By Kelly Ann
Do you ever hear a song for the first time, and something about it, the melody or the lyrics or the way it makes you feel, instantly brings back a memory? You're transported to that moment you had pushed to the very depths of your mind. The sights, the smells, the sounds, the way your heart felt, the way someone looked at you, the words that spilled from your lips. You relive it. Every second of it. A lot of songs do that for me - Re: Stacks by Bon Iver, Almost Lover by A Fine Frenzy, and this song: Promise by the always inspiring Ben Howard.
It brings me back to my flower field on a cold, wet day. My wild red hair in my eyes, my brown boots muddy, tears falling - but you couldn't tell with the rain softly falling on my face. His favorite hat, cheeks red with frustration, eyes that emoted both sadness and hope. He was leaving soon, for a short time. But he wasn't going without some answers.
"Who are we? What are we? I want this. I want you. Can we try? Promise me, darlin'. I'll come back soon, just promise." he said.
"I don't know. I just don't know." I whispered.
We were two passionate people who drove each other crazy. I thought we would eventually burn out - two similarly stubborn people would end up despising each other, right? I didn't want to get to that point. He wanted to try anyway. There, in the middle of those tall, tall mustard flowers that tried to shelter us. There, in the cold wind that surrounded us and the drip drop drip drop of the rain. There, with the grey sky that felt so fitting in that moment, we said things we both had kept bottled up, and maybe some things we didn't mean. Fiery words and sharp tongues clashed. Guts spilling and hearts cracking and electricity between two very strong beings. He finally moved a piece of hair from my eyes and whispered, "Let's. Just. Try."
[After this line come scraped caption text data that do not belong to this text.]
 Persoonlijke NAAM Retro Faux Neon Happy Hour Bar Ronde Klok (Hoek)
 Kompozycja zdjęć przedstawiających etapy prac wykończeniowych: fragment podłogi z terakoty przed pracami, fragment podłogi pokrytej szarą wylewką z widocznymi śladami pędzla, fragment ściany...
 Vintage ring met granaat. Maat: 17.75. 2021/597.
As I looked at his face, it was like a veil of infatuation lifted and it hit me.
"I don't want to." The words spilled from my soul effortlessly. I made up my mind. And while a part of me was heartbroken, a part of me felt free. There was freedom in that sentence... I don't want to. I felt fiercely woman in that moment.
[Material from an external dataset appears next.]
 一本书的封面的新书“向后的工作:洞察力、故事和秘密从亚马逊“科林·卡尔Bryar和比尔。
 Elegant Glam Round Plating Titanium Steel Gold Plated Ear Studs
Four years later, that person has stayed with me. It didn't work out, but I learned a lot from him, and he learned a lot from me, and that's something. That rainy day in the field is bittersweet, both broken and whole, if that makes sense. Gentle, yet intense. Sadness and roaring freedom. Loss, but also a gain. There's something powerful in knowing what you want, or don't want, and honoring that. Knowing when to walk away (and knowing that we can walk away) and close that chapter. Knowing when to move on, when to shelter ourselves from what could be and go another way, when it's healthy for us to say goodbye. I'll never forget him, though, and I think of him fondly. His smile, the way he looked at people like they were the only ones in the room, that time he left a sticky note above my desk that said: You're you and that's the best thing. I will remember him always.
And deep in my heart... I will leave a mental sticky note next to that rainy-day memory that says: here, this is our song.